MOLLY C. DWYER, CLERK

U.S. COURT OF APPEALS

FOR THE NINTH CIRCUIT TONEY A. WHITE, No. 24-6836

D.C. No.

Plaintiff - Appellee, 2:21-cv-01259-RFB-MDC v. MEMORANDUM* ROBIN HAGER,

Defendant - Appellant, and JEREMY BEAN, GREGORY BRYAN, RYAN CLAY, RASHEED CURRY, CHARLES DANIELS, BOB FAULKNER, WILLIAM GITTERE, Warden, CALVIN JOHNSON, RIO MANALANG, MICHAEL MINEV, ROBERT OWENS, MANUEL PORTILLO, MONIQUE HUBBARD-PICKETT, JENNIFER NASH, JACQUES GRAHAM, THERESA WICKHAM, BRIAN WILLIAMS, Warden, G. CARPENTER, RADEK DVORAK, LARRY DEAN WILLIAMSON, ERIC LOPEZ, HOLLY CROSBY, LARRY HALL, RHYS LIM, TED HANF, SCOTT MATTINSON, SIA ASIMIDAKIS, NAPHCARE, INC.,

*

This disposition is not appropriate for publication and is not precedent except as provided by Ninth Circuit Rule 36-3.

Defendants.

Appeal from the United States District Court

for the District of Nevada

Richard F. Boulware, II, District Judge, Presiding

Submitted December 4, 2025**

San Francisco, California Before: RAWLINSON, MILLER, and SANCHEZ, Circuit Judges.

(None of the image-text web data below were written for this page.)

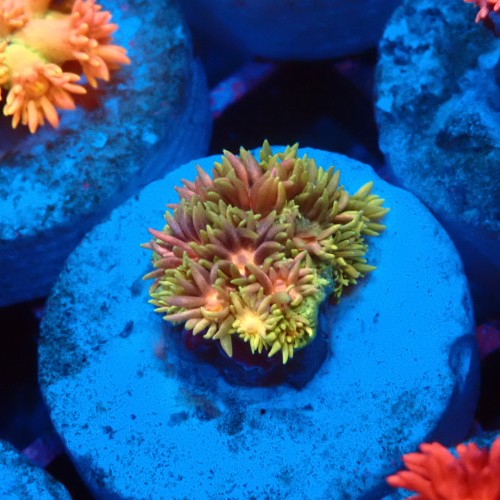 GONIOPORA RAINBOW #1007602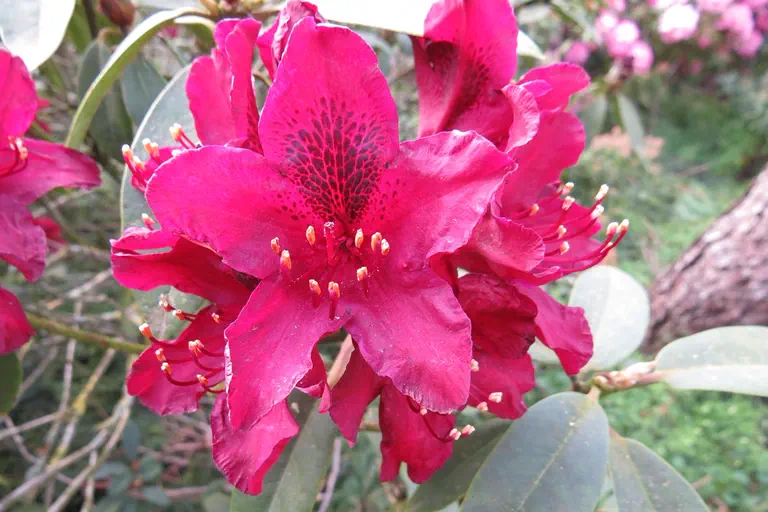 Photo of R. 'Kali', Rhododendron Hybrid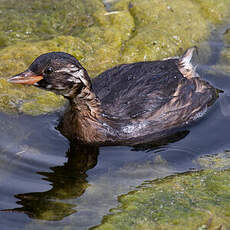 Little Grebe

Appellee Toney White brought an Eighth Amendment claim against Nevada Department of Corrections (“NDOC”) officials including Medical Administrator, Robin Hager, under 42 U.S.C. § 1983. Hager now appeals the district court’s denial of her motion to dismiss on qualified immunity grounds. Her notice of appeal was filed 31 days after entry of the district court’s order. Because the 30- day appeal deadline in 28 U.S.C. § 2107(a) applies, this court lacks jurisdiction to hear Hager’s untimely interlocutory appeal.

1. Hager argues that her appeal was timely because the “separate document rule” under Federal Rule of Civil Procedure 58(a) afforded her 180 days to appeal. We disagree. When a separate document is required for entry of a district court judgment but no separate document is filed, judgment is considered “entered” after

**

The panel unanimously concludes this case is suitable for decision without oral argument. See Fed. R. App. P. 34(a)(2).

2 24-6836 150 days. Fed. R. App. P. 4(a)(7)(A)(ii); Fed. R. Civ. P. 58(c)(2)(B). The clock then begins to run for the 30-day appeal deadline. Fed. R. App. P. 4(a)(1)(A). However, our recent precedent confirms that when the district court files a collateral order, the order is considered “enter[ed] . . . when [it] appears on the docket.” McNeil v. Gittere, 150 F.4th 1205, 1209–10 (9th Cir. 2025) (dismissing an untimely appeal of a district court’s denial of summary judgment on qualified immunity grounds).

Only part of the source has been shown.